Assignment: Nothing but the lines below from the one holding "Slide: The Image" up to and including the one holding "Tyler and Sam working on a solution" should be copied, exactly and without pictures.

Excerpted records:
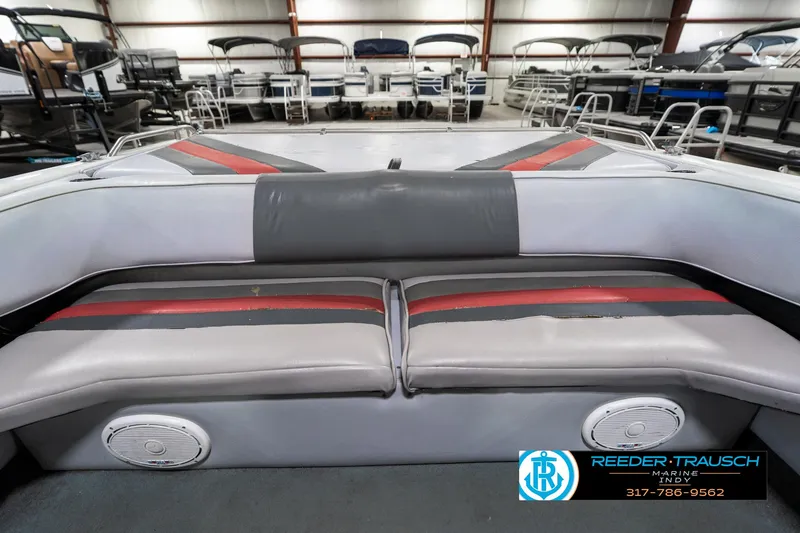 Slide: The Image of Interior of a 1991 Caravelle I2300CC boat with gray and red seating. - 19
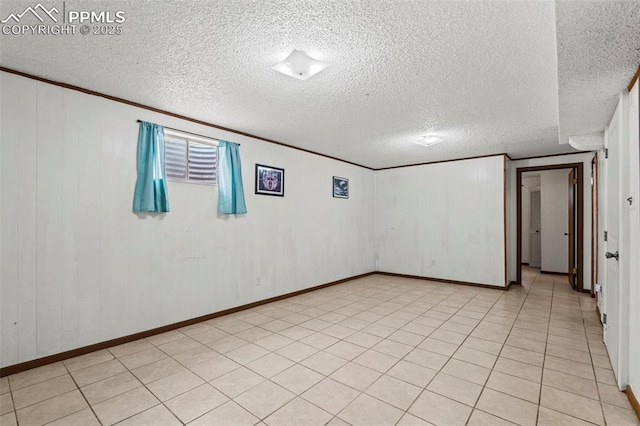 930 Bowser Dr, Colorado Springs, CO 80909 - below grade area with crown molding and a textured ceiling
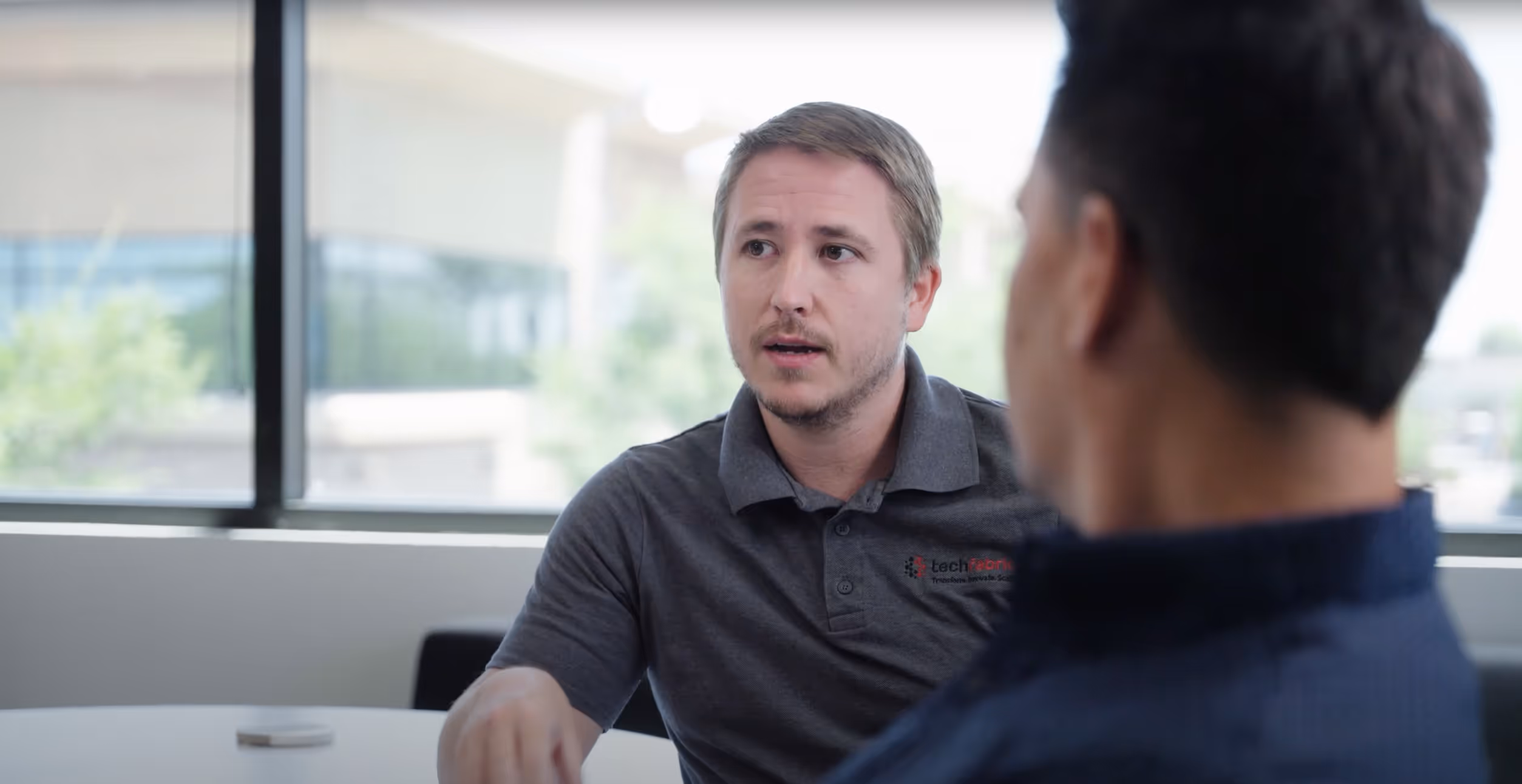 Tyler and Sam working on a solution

...

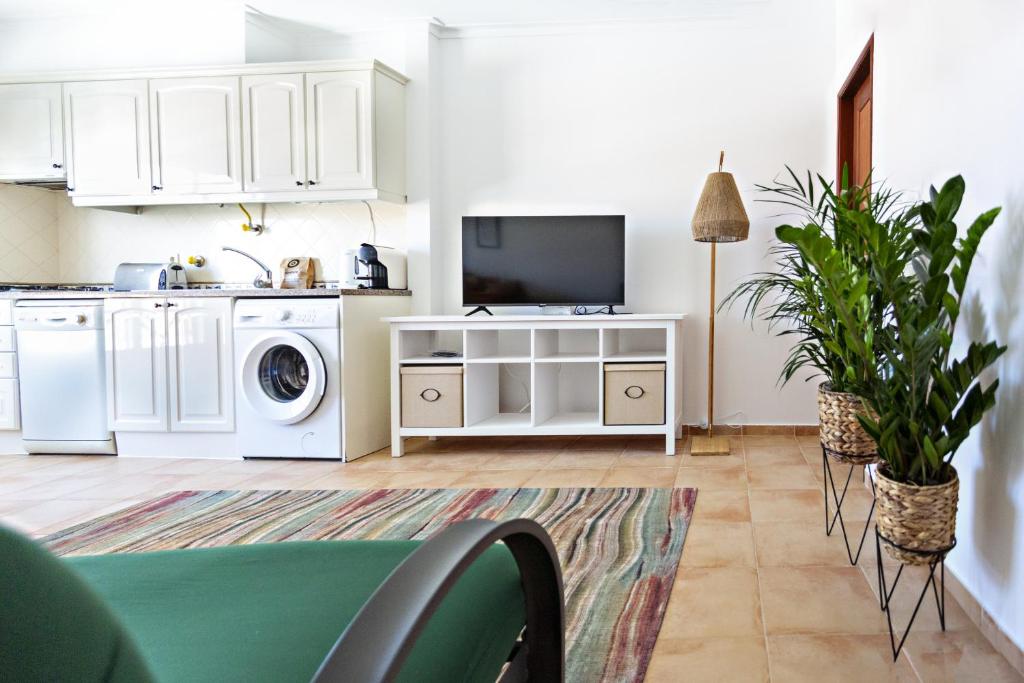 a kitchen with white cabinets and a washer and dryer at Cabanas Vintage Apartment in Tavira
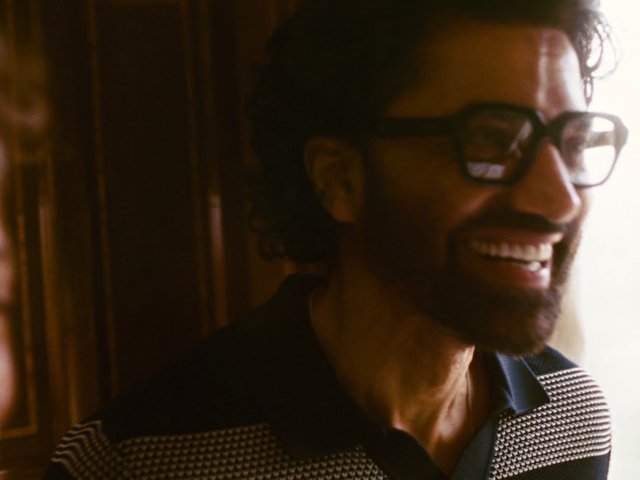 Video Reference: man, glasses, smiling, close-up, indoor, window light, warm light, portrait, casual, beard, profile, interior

* * *

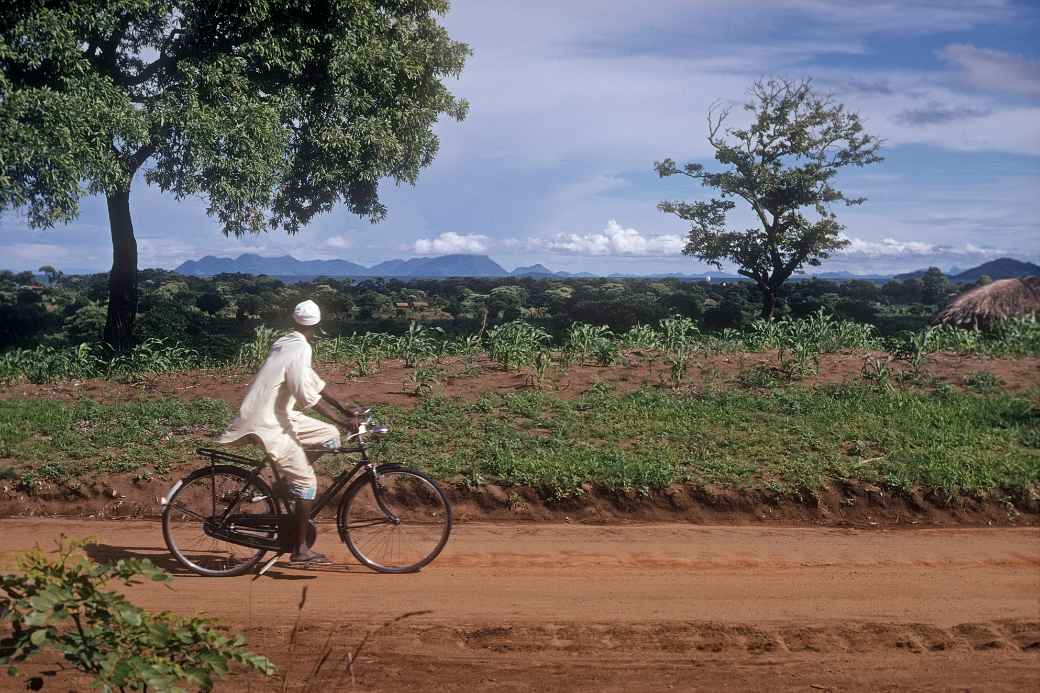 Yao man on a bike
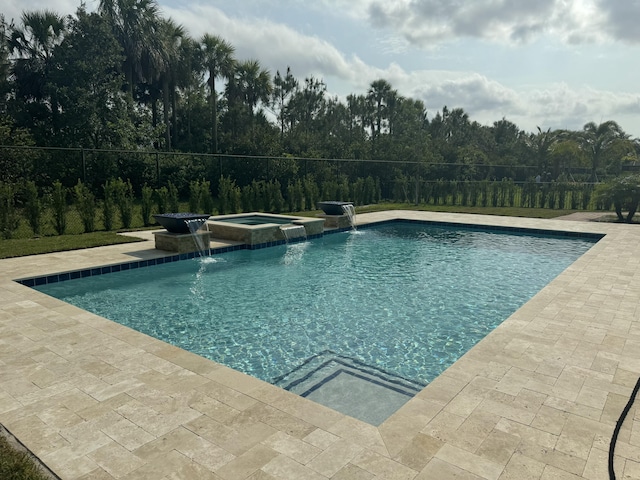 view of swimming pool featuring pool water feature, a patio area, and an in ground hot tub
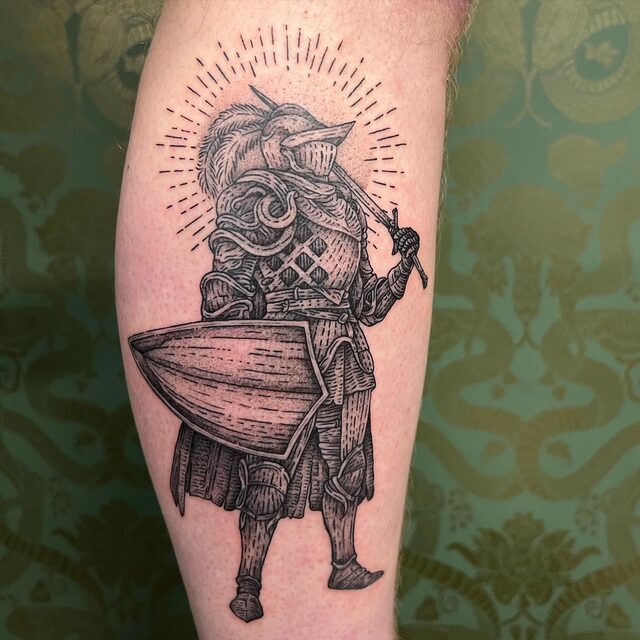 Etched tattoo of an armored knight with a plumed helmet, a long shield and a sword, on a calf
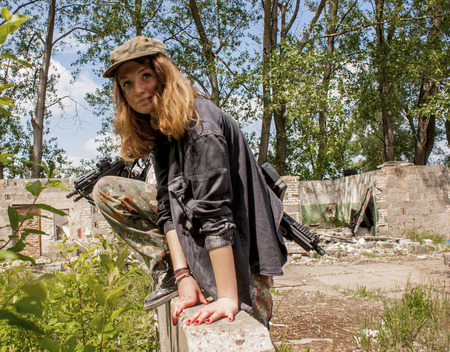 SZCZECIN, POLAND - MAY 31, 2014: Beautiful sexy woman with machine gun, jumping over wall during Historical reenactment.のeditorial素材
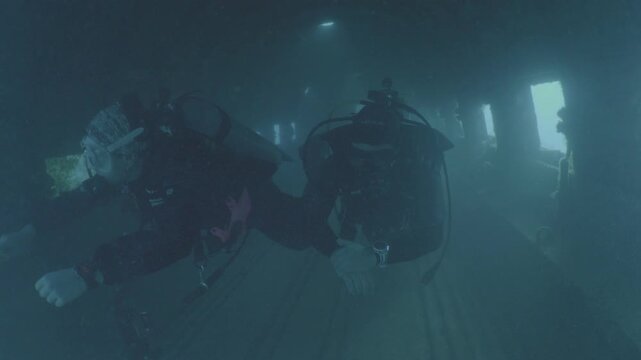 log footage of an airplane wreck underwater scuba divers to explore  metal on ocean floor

Written answer:
 Slide: The Image of Interior of a 1991 Caravelle I2300CC boat with gray and red seating. - 19
 930 Bowser Dr, Colorado Springs, CO 80909 - below grade area with crown molding and a textured ceiling
 Tyler and Sam working on a solution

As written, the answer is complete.